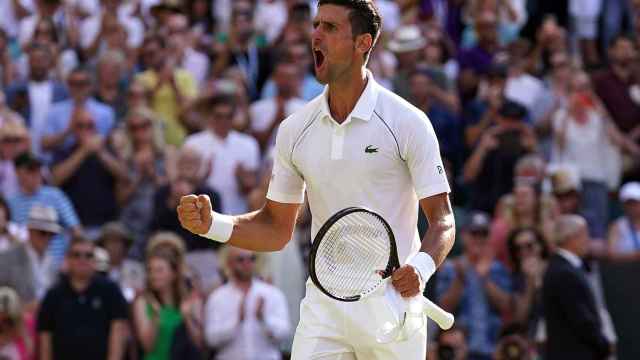 Novak Djokovic celebra su pase a la final de Wimbledon tras vencer a Cameron Norrie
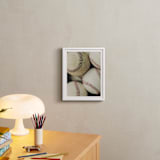 "Baseball 2" - Art Print in Beige by Helen Makadia - In a Room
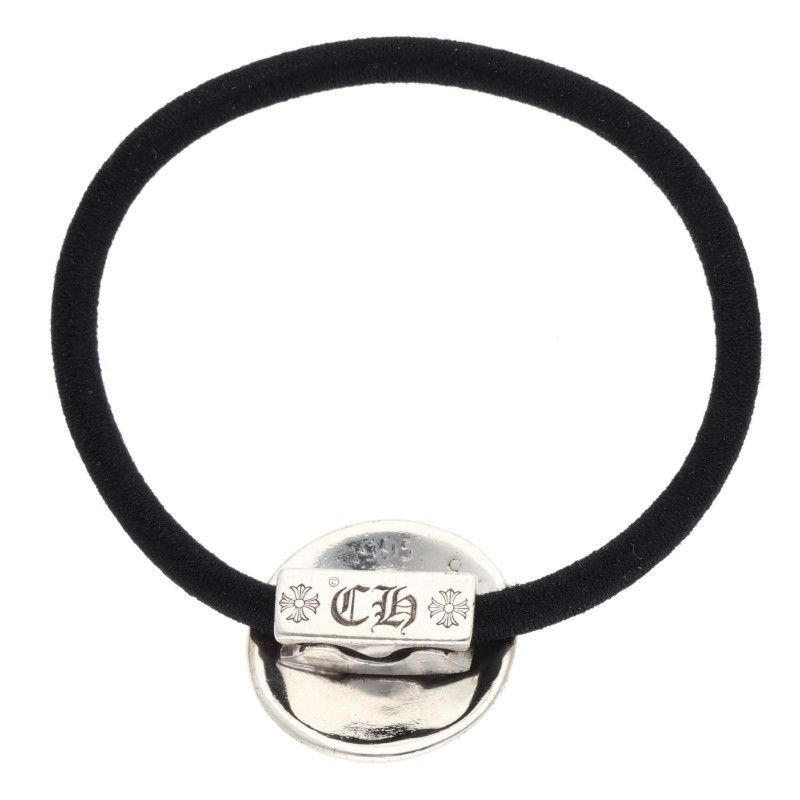 クロムハーツ HAIRBAND/クロスボールボタンヘアゴム シルバーコンチョ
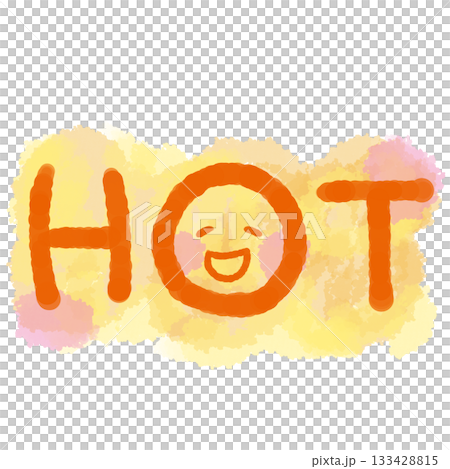 Laughing Hot Handwritten Character 133428815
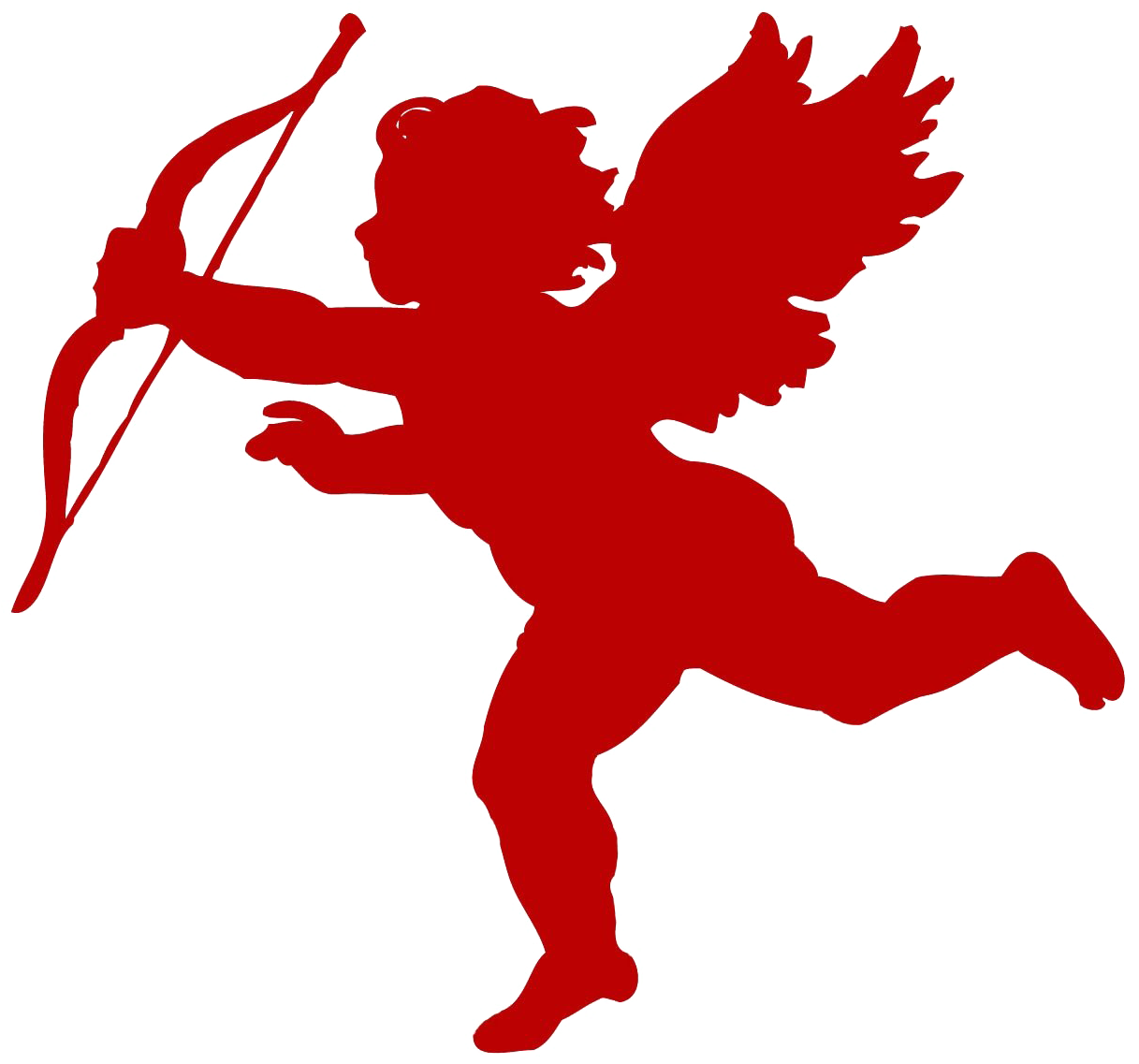 Valentines Day Cupid Png Image (black, maroon)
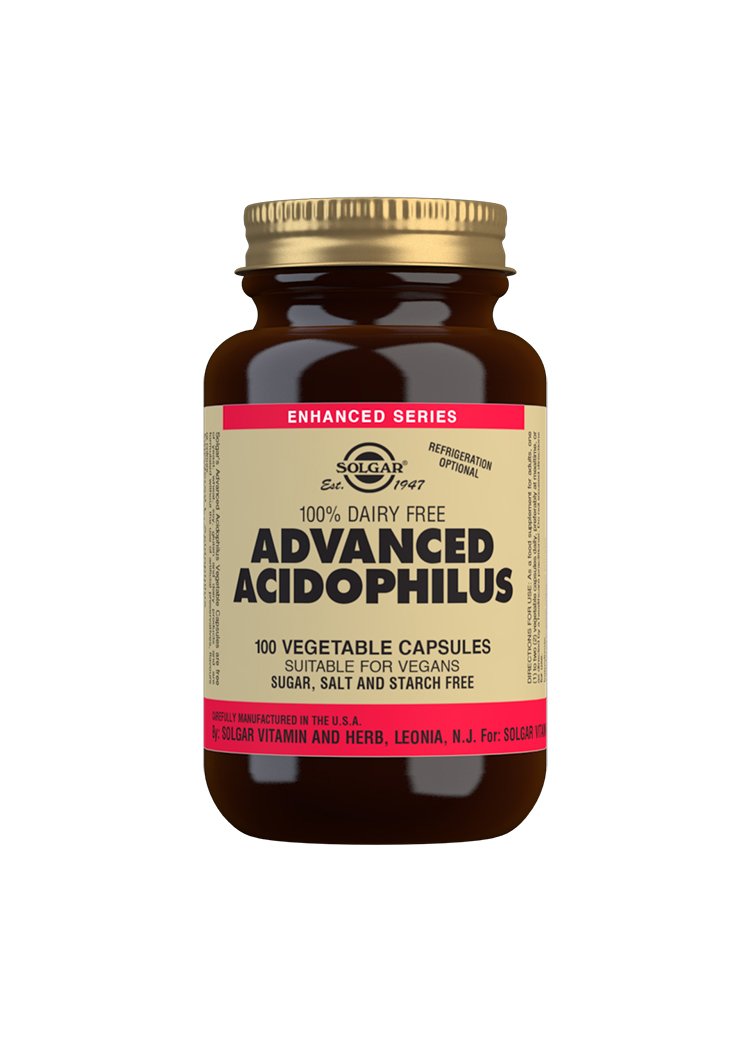 Solgar Advanced Acidophilus (100% Dairy Free) Vegetable Capsules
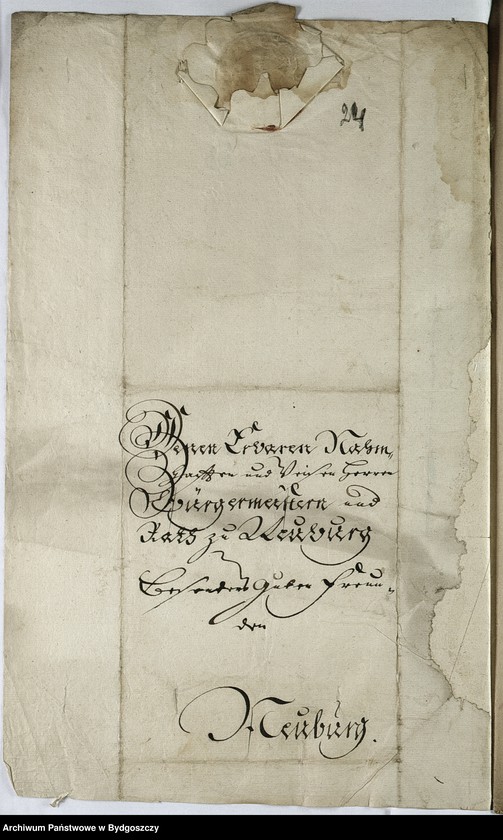 image.from.unit.number "Schriftwechsel der Stadt Neuenburg mit Danzig"
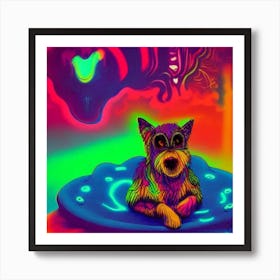 Psychedelic Dog 7 Art Print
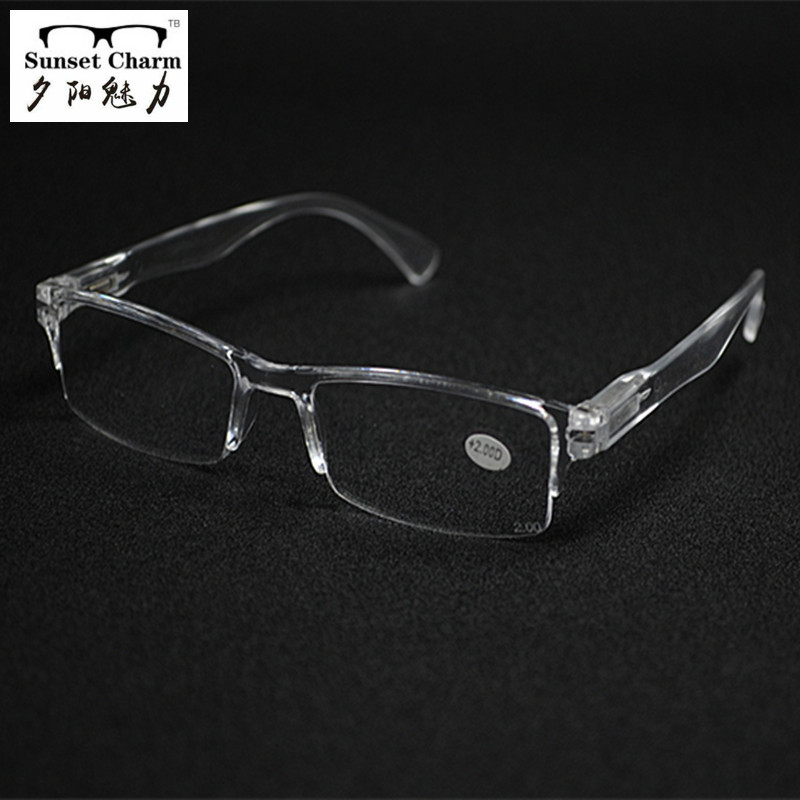 New fashion batch presbyopia spring leg presbyopia glasses Men and women presbyopia anti-fall and pressure-resistant light old man glasses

The task
The full listing, reproduced exactly and without pictures, is the expected output.

Exercise output
 Novak Djokovic celebra su pase a la final de Wimbledon tras vencer a Cameron Norrie
 "Baseball 2" - Art Print in Beige by Helen Makadia - In a Room
 クロムハーツ HAIRBAND/クロスボールボタンヘアゴム シルバーコンチョ
 Laughing Hot Handwritten Character 133428815
 Valentines Day Cupid Png Image (black, maroon)
 Solgar Advanced Acidophilus (100% Dairy Free) Vegetable Capsules
 image.from.unit.number "Schriftwechsel der Stadt Neuenburg mit Danzig"
 Psychedelic Dog 7 Art Print
 New fashion batch presbyopia spring leg presbyopia glasses Men and women presbyopia anti-fall and pressure-resistant light old man glasses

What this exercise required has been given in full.